Para entender a reclamação das minhas primas pelo fato de eu ter escrito meu nome à caneta num livro, é preciso saber que eu e minha gêmea somos as mais novas de dez primos. Como uma maioria de nós estudou no mesmo colégio, todos os nossos materiais escolares que pudessem ser compartilhados eram repassados de um a um, numa vibe meio família Weasley mesmo. Naturalmente, os livros divididos só recebiam o nosso sobrenome ou, no máximo, um nome a lápis. Eu poderia tecer muitas considerações sobre porque uma criança, que dividia TUDO na vida dela com a irmã GÊMEA, a irmã mais velha e os sete primos, poderia ter cometido a rebeldia de assinar seu nome à caneta, mas só vou adiantar que “A operação do Tio Onofre” foi dos meus livros preferidos da minha infância. Eu li o livro na casa da minha avó antes de adotar como paradidático e vibrei quando esse momento chegou. Tudo isso porque eu achava a solução da protagonista brilhante. A ideia de que uma menina da minha idade pudesse solucionar um problema tão sério quanto um assalto a mão armada, usando apenas a sua inteligência, me arrebatava. Eu era uma criança normal, nem muito inteligente nem muito burra, sem grandes talentos além de ser estudiosa e, talvez por isso, enlouqueci com a sagacidade do truque.
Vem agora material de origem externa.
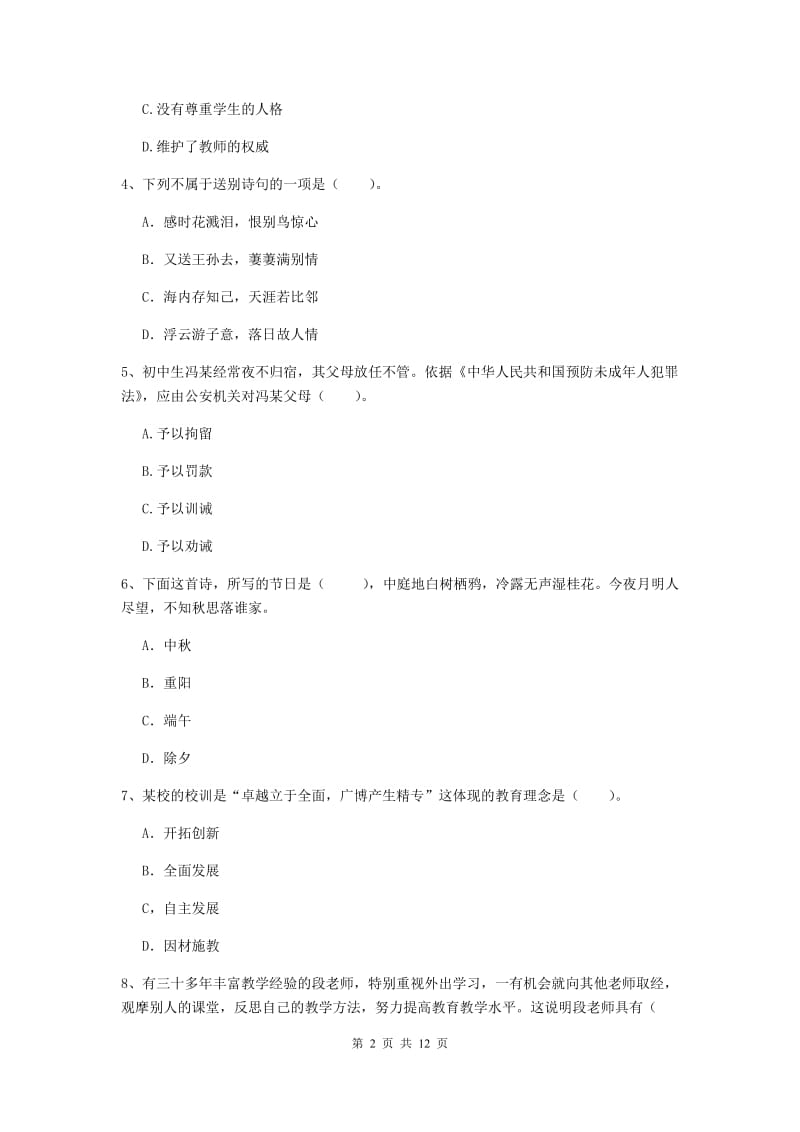 中学教师资格考试《综合素质》模拟考试试卷A卷 附答案.doc_第2页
Anos depois, eu poderia finalizar essa estreia de newsletter com todas as conclusões a que cheguei na minha tese sobre porque gostamos de histórias violentas e, provavelmente, vou fazer isso, em algum texto futuro. Dessa vez, eu apenas queria dizer que nós gostamos de histórias policiais, de histórias com crimes, traumas e situações desafiadoras, principalmente as que são solucionadas, porque elas nos mostram que mesmo os problemas mais difíceis podem ser resolvidos. Em um mundo que parece cada dia mais cheio deles, em que velhos traumas ressurgem, nós talvez estejamos precisando desse alento.